The “mechanism” this exhibition employs is, surprisingly, video. More and more frequently, print media and video art are becoming shared interests of contemporary artists. Certainly, this is true of the Central Academy artists featured in this show, one of whom, Yang Ying, has both video and printed works on display. Of her two video pieces, the one most important to the show is titled “What Kind of Person You Are?” — one of many endearingly almost-perfect translations throughout the exhibition. A loop several minutes long cycles through the testimonials of a dozen or so adults, speaking Chinese and subtitled in English, each describing the artist. “You are a person who makes us feel unexpected,” one woman glowingly reports. A man jokes, “You are a good girl, but I’m not the right man for you.” Another chides playfully, “You are a southerner, I feel you often lose things.” Many people note that the artist “loves studying and laboring,” and is “always working;” the woman who says, “You insist on one direction from beginning to end” puts it best.
These talking portraits address the audience, partly; mostly they explain, scold, praise, make confessions to and joke with the unseen artist. Not a single person in the video behaves as if they’re talking to a camera. This piece accomplishes two things: It profiles an artist, a complete stranger to the viewer, whose prints hang nearby, and it creates an intimate picture of the community in which this artist lives and works. The viewer can imagine what the artist values, what she might talk about with a friend at a café, what kind of reaction to her work she expects from her peers — in short, her life’s atmosphere. It is a complete success.
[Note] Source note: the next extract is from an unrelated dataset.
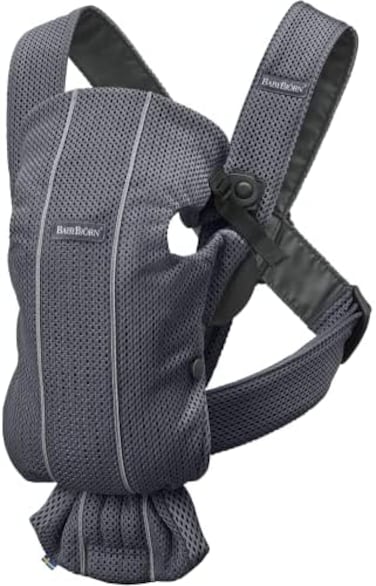 BABYBJ&Ouml;RN Baby Carrier Mini, 3D Mesh, Anthracite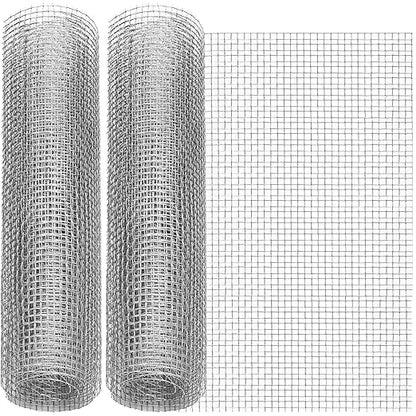 SATINIOR 2 Packs 11.8 x 39.3 Inch 304 Stainless Steel Woven Wire Mesh Fine Screen for Vent, Garden, Cage, Window Screen, Filter, Filtration Cloth, Vent Mesh (5 Mesh)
While the videos do catch the viewer’s attention first, they do not overshadow the prints. The printed works by a handful of artists, faculty and students at the Academy in Beijing incorporate elements of woodcut, silkscreen and collage, and range in size from two feet wide to the length of an entire wall (the wall-length print, a tiled woodblock print by Cao Pailun called “A Fly Without Head” that took six months to hand-cut, is paradoxically both pixilated and ethereal). They are, like the videos, intimate and atmospheric, effectively describing a cohesive place although they cover different genres and were made by artists with quite diverse styles.
Interestingly, every piece in the show is figurative. Even the most abstracted work, “Light #2” by Xiao Nan, is anchored in representation by its title and its place in a series of other (more instantly recognizable) figurative images. Nan’s work is two-dimensional but has a sculptural sensibility and seems to be continuously moving on the page, as if it hasn’t set yet. It is the most uncanny image in the show.
Others, from the domestic “Red” by Zhao Jingxuo to the Lu Liping’s bucolic “Farm Land,” are opposite in subject matter yet nearly identical in tone to “Light.” I wonder if the collection has such a cumulative and tangible climate principally because it is so foreign, or because I am so foreign to it. While that may be one explanation, the individual works are together undeniably intertwined and symbiotic, like points in a web. To attribute their unified vision to nationality alone is to underestimate them.
The Chinese national identity, however, is always important when it comes to printmaking, as China produced the very first prints in the world. The artists featured in Hartell Gallery, as is typical of many contemporary Chinese printmakers, have plucked elements and techniques from traditional eastern woodcut and western intaglio printing as well as modern commercial printmaking (silkscreen).
Western contributions notwithstanding, the Chinese did it first, and they did it best. For this reason Cornell University has been involved since 2000 in an ongoing project aimed at bringing Chinese artists, printmakers and critics to the Ithaca campus, and this show is one of many iterations — “part of a larger exchange,” said Prof. Elisabeth Meyer art — in the series. It is thanks to the efforts of Prof. Meyer and Prof. Xiaowen Chen of Alfredy University, who has ties with the Beijing Academy of Fine Art, that this show (including the artists, who visited Ithaca and New York City facilities this weekend) is here. And, fortunately for all those who missed it last week, this exhibition — including a gallery talk Wednesday at 8 a.m. by Prof. Chen — marches on for an unprecedented, but well-deserved, second week.
Prints from Central Academy of Fine Art, Beijing will be on display in the John Hartell Gallery in Sibley Dome through Friday, Sep. 25. Admission is free.